I remember an editor once wouldn’t allow me to interview a major rock star or review the new release of a major rock act, because according to him one had to be part of a larger conversation about rock (read: white) music to effectively cover the music. I was expected to write just about rap and r&b. Of course he assumed that I didn’t really listen to (or love or critique or criticize) rock music in the way he assumed I only listened to rap. And it wasn’t, even, that I had that much of a problem being “relegated” to a rap journalistic beat.

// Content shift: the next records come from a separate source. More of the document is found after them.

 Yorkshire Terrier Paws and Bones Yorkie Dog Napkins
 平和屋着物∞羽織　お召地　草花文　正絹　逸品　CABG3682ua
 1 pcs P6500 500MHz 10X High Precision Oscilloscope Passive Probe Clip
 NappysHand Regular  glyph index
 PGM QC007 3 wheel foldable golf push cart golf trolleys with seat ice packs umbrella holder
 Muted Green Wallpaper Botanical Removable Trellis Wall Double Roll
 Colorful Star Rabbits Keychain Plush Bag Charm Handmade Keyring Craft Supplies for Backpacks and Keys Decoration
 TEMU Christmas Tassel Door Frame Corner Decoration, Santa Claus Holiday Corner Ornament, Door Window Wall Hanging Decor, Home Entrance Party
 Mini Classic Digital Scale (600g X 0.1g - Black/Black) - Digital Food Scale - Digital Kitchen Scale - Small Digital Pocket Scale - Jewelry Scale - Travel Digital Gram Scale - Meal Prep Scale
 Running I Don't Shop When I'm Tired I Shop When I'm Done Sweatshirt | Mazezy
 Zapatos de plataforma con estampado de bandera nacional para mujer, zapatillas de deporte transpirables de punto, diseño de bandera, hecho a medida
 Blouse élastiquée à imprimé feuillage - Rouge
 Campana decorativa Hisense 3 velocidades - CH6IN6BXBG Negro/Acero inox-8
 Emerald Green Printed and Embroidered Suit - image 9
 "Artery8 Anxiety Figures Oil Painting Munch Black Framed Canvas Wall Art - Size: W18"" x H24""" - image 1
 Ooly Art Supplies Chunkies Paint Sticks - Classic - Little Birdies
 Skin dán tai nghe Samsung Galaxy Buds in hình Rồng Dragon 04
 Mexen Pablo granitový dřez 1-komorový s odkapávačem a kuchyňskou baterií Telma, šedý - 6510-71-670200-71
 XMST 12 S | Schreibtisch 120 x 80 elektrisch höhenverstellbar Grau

It was music and culture I knew well, that spoke to an experience that needed coverage, but it was also better that it be me, in my opinion, rather than just any number of white writers who were allowed to write about rap music “because they liked it” and not because they had anything new or experiential or interesting to add to that reputed “larger conversation.” (And of course it was pretty probable that my editor assumed I paid no attention to these writers or their work.) This SLATE article reminded me of those days, because you can only write a ridiculous essay like this without realizing there’s a larger conversation to be had about race (and class) and the uses of culture, a conversation that’s already going on. Probably at that “black table” where the seriously interested non-black people arrive without reducing black folks to a monolithic whole suitable enough to be studied like mice in a laboratory maze.